▶ _Task to complete_: Print the listing below verbatim, passing over each picture.

▶ _Data extract_:
####

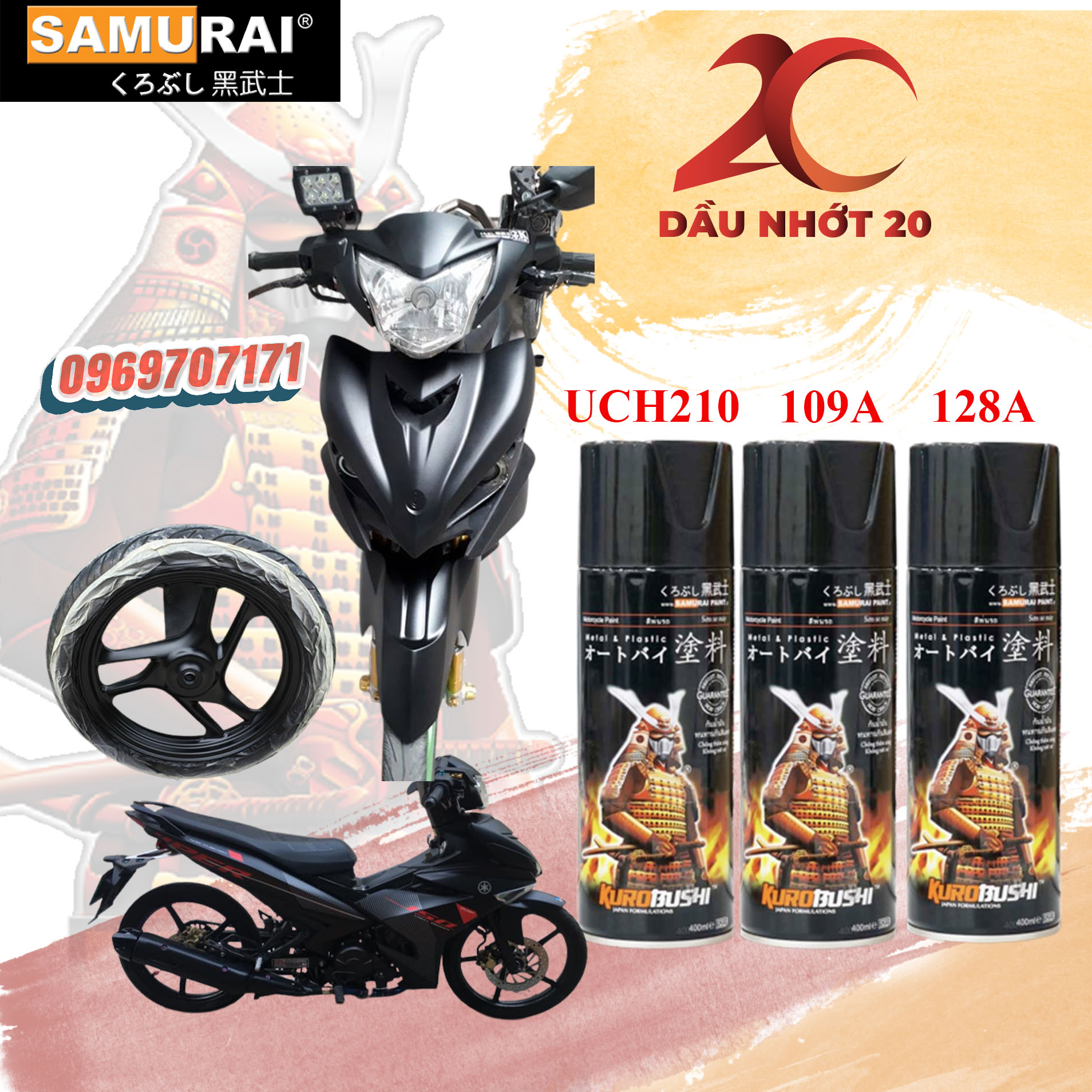 Combo sơn đen nhám samurai - sơn lóp uch210, sơn đen nhám 109a, bóng mờ 128a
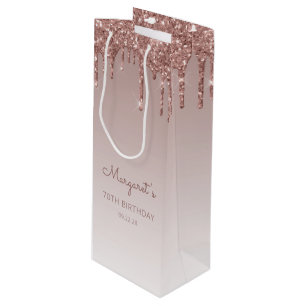 Bolsa Para Vino Brillo Goteo 70 Cumpleaños Rosa Oro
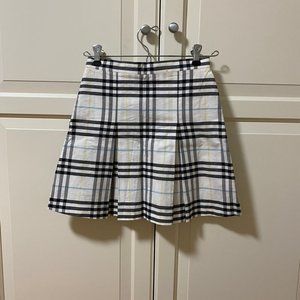 Burberry Girls White Black Blue Yellow Cotton Plaid Skirt Size 12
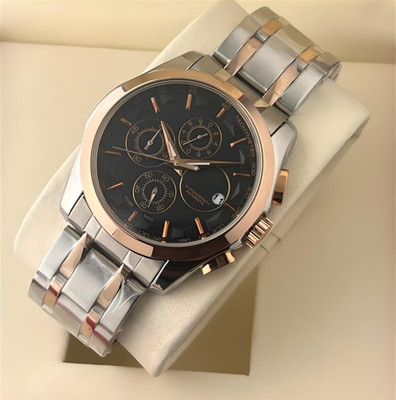 NITYA TSHORT - Black New Formal Analog Watch for Men's Day & Date Feature Dial Stainless Steel Strap Analog Watch  - For Men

####

▶ _Solution to the exercise_:
 Combo sơn đen nhám samurai - sơn lóp uch210, sơn đen nhám 109a, bóng mờ 128a
 Bolsa Para Vino Brillo Goteo 70 Cumpleaños Rosa Oro
 Burberry Girls White Black Blue Yellow Cotton Plaid Skirt Size 12
 NITYA TSHORT - Black New Formal Analog Watch for Men's Day & Date Feature Dial Stainless Steel Strap Analog Watch  - For Men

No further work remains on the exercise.